During their initial meeting Brontë supplied Gaskell with a concise but thorough account of her life up to that point, rounding off her pathetic description of the recent deaths of her sisters with the prediction that her own “death will be quite lonely; having no friend or relation in the world to nurse her, & her father dreading a sick room above all places” (The Letters of Mrs. Gaskell, letter 75). Brontë, having been exposed to tuberculosis, understandably feared that her own death might be imminent, and her statement need not be read as purely melodramatic. It does not accurately reflect the objective truth of her situation, however. She had a very close friend, Nussey, and the housekeeper, Tabby, who was more like family than a servant, to care for her. It does reveal a sense of the emotional and intellectual isolation that Brontë felt in no longer being a member of a creative sisterhood. As such, it constitutes an appeal for Gaskell’s understanding and friendship, born of an urge to forge a new literary sisterhood. Brontë emphasizes her personal tragedy and fragility perhaps to offset the incendiary nature of Jane Eyre, whose reputation preceded her, in approaching the more conventionally feminine and socially acceptable Gaskell. Gaskell certainly came away from this meeting with the feeling that Brontë needed her protection, a feeling that is symbolized by her recollection that Brontë’s tiny hands felt like “the soft touch of a bird in the middle of my palm” (p. 77). If the Life sentimentalizes Brontë and her suffering, Brontë was complicit in that construction.
“Morbidity”
Brontë’s cast of mind when she met Gaskell was partly the result of recent sorrow and partly an ongoing psychological reality for Brontë, whose letters indicate that she endured a lifelong struggle with depression. Although she is sometimes evasive about its cause, Gaskell confronts the emotional intensity of Brontë’s depression unflinchingly. Her directness caused one penetrating reviewer to observe that the “inconsiderate” reader would regard the Life as “an unhealthy book” because it “discusses sick minds almost without admitting that they are unsound” (Easson, p. 382).
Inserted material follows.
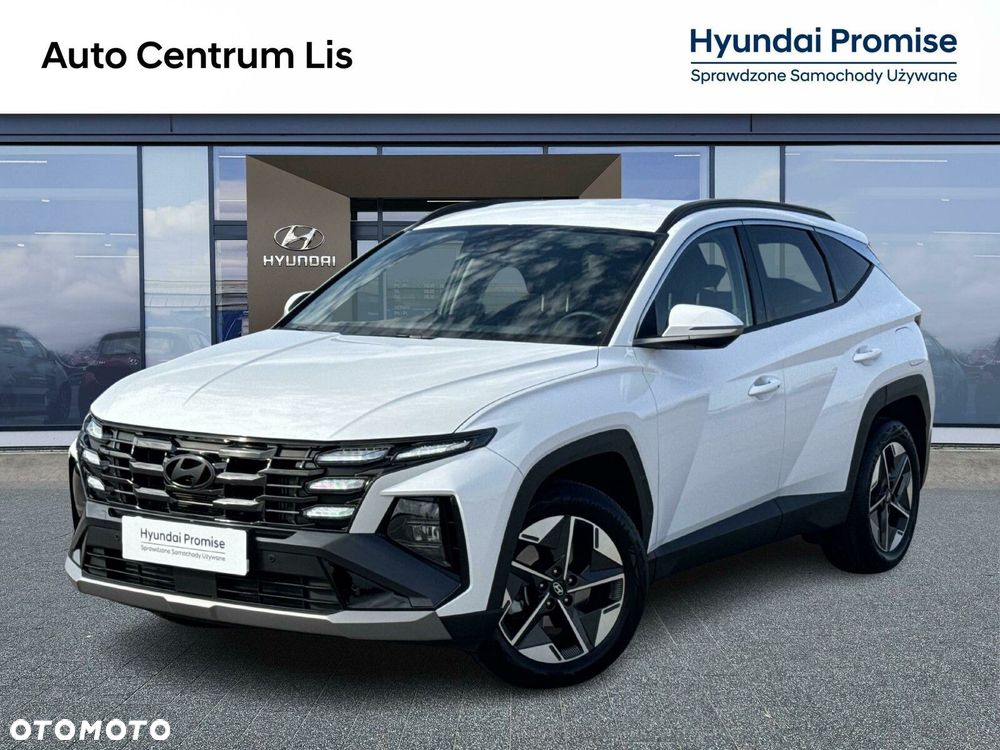 Hyundai Tucson - 1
Gaskell wavers between assigning a “constitutional” or physiological cause to Brontë’s depression, and deeming it the product of “this pressure of grief which had crushed all buoyancy of expectation out of her” (p. 95). She cautions the idle critic who would condemn Brontë’s work as “morbid” to remember how death swept her “hearthstone bare of life and love” (p. 297).
Gaskell traces the origin of Brontë’s “hopelessness” to the loss of her mother and her two eldest sisters, Maria and Elizabeth, when she was still a child (p. 95).